Pattern Classification
The first edition, published in 1973, has become a classic reference in the field. Now with the second edition, readers will find information on key new topics such as neural networks and statistical pattern recognition, the theory of machine learning, and the theory of invariances. Also included are worked examples, comparisons between different methods, extensive graphics, expanded exercises and computer project topics.
An Instructor's Manual presenting detailed solutions to all the problems in the book is available from the Wiley editorial department.
Why Read This Book
You should read this book because it gives a clear, mathematically grounded introduction to statistical pattern recognition and early neural-network methods, tying theory to worked examples and projects. You will gain the conceptual tools to design, analyze, and compare classifiers used in signal-processing problems such as speech/audio recognition, radar detection, and communications demodulation.
Who Will Benefit
Engineers and graduate students working on signal-processing problems that require classification, detection, or supervised learning—especially those translating statistical theory into practical DSP systems.
Level: Intermediate — Prerequisites: Undergraduate probability and statistics, linear algebra, and calculus; familiarity with basic signal-processing concepts and some programming for experiments.
Key Takeaways
- Understand Bayesian decision theory and how to derive optimal classifiers under different cost/prior assumptions.
- Implement and compare parametric and nonparametric classifiers (Gaussian discriminants, k-NN, Parzen windows) and assess their trade-offs.
- Design and evaluate feature-extraction and dimensionality-reduction strategies to improve classifier performance on real signals.
- Apply expectation-maximization and mixture models for density estimation and unsupervised structure discovery.
- Use neural-network classifiers and understand their relation to classical statistical methods.

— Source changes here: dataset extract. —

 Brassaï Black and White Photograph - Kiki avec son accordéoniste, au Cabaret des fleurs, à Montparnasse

- Estimate classifier performance reliably through error estimation, cross-validation, and bias/variance considerations.
Topics Covered
- 1. Introduction and Background
- 2. Bayesian Decision Theory and Classification
- 3. Classifiers Based on the Normal Density (Linear/Quadratic Discriminants)
- 4. Nonparametric Techniques: k-NN and Parzen Windows
- 5. Density Estimation and Mixture Models (EM Algorithm)

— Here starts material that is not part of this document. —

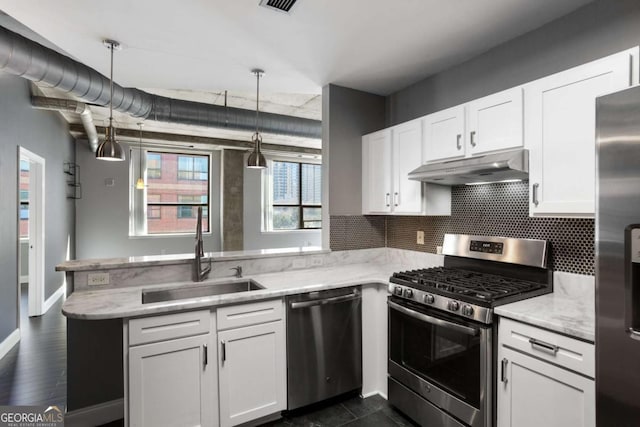 kitchen with white cabinets, a peninsula, stainless steel appliances, under cabinet range hood, and a sink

- 6. Linear Feature Extraction and Dimensionality Reduction
- 7. Neural Networks and Practical Learning Algorithms
- 8. Clustering and Unsupervised Learning
- 9. Error Estimation, Model Selection, and Cross-Validation
- 10. Invariances, Representations, and Practical Considerations
- Appendices: Mathematical Background and Worked Examples
Languages, Platforms & Tools
How It Compares
Covers the same foundational territory as Bishop's 'Pattern Recognition and Machine Learning' and Hastie/Tibshirani/Friedman's 'The Elements of Statistical Learning' but is older and more concise—Duda et al. is especially strong on classical decision theory and intuitive examples, while Bishop/ESL offer more modern Bayesian treatments and broader, up-to-date ML coverage.